Other Cowboy Stars – Roy Rogers in “Frontier Pony Express”

October 29, 2010

Although the Pony Express only operated for 18 months, it captured the imagination of the nation for many years.  It isn’t difficult to summon some pity, then, for the filmmakers who set out to portray the exciting gallantry of this high-paced life of nearly perpetual motion.  Especially when they are handicapped by the necessity of anchoring the story in the standard standing western city sets.

The task here falls to screenwriter Norman Hall, a long-time serial writer, who later penned a number of the last Durango Kid films – Blazing The Pecos Trail, Whirlwind Raiders, and Last Days of Boot Hill.  The plot he comes up with is heavy on intrigue and light on hard gallops and lightening fast horse changes.

Senator Lassiter is visiting St.
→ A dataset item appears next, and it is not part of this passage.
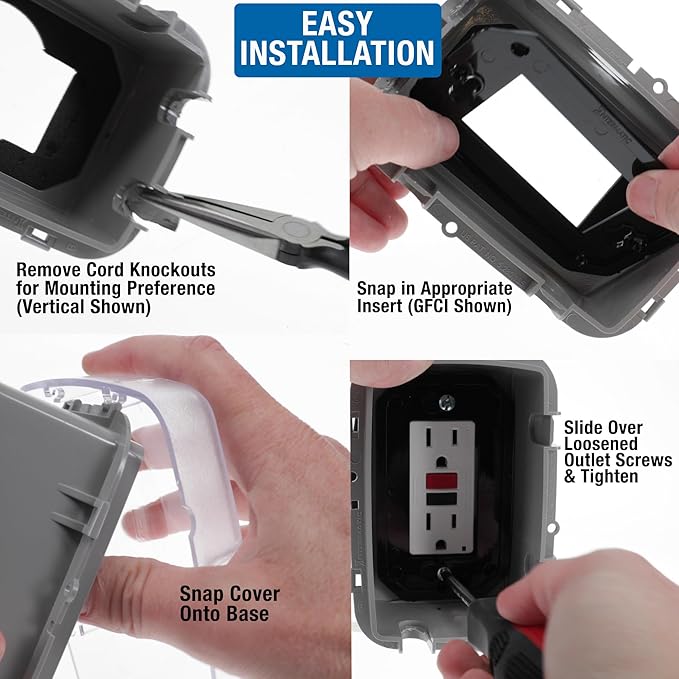 Intermatic WP3100C Weatherproof Electrical Outlet Cover - Extreme Temperature Resistance, Heavy-Duty Construction, Versatile Design & Multi-Configurable, Easy Install, Secure Fit Outdoor - 2 Pack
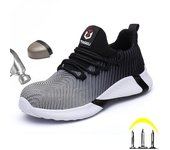 Zapatos de trabajo de seguridad para hombre con puntera de acero, botas de fieltro para caminar a prueba de pinchazos, aislamiento de 6KV, zapatillas de moda ligeras y transpirables 36 negro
Louis at the onset of the Civil War.  His plan is to disband the Union-friendly troops in Sacramento so that his men in California can take the state for the Confederacy.  How?  By sending forged orders through the pony express.

I understand this early film (1939) is atypical of a Roy Rogers vehicle cuz he doesn’t sing much.  It is however the first RR film I have seen.  Here are my observations on this soon-to-be legend.  Roy has a drawl, he’s good at the fast dismount, is invited to dinner but “don’t have clothes for that sort of thing”, doesn’t smoke, uses a lasso, has a sidekick in a battered hat (eerily familiar), wears his own hat tight on his head ALWAYS, and has a nice quirky smile.

About those songs.  Song #1:  sung to a gal on a couch, fireside.  “Old Kentucky Home.”  Song #2:  pressed into singing by the gal at the big ball.  “Rusty Spurs.”

An interesting note.  Roy’s sidekick, played by Raymond Hatton, sweetens a trade by throwing in one of Trigger’s horse shoes.  Apparently, Trigger is a star in the Old West.

Fittingly, it is Trigger who saves the day here, taking the important vouchers to St. Louis at high speed.  Really, Roy only gets an Assist on this one.

Unlike Charles Starrett, Roy is definitely a star in the singing cowboy mold of Gene Autry.  He does throw a good movie punch, however.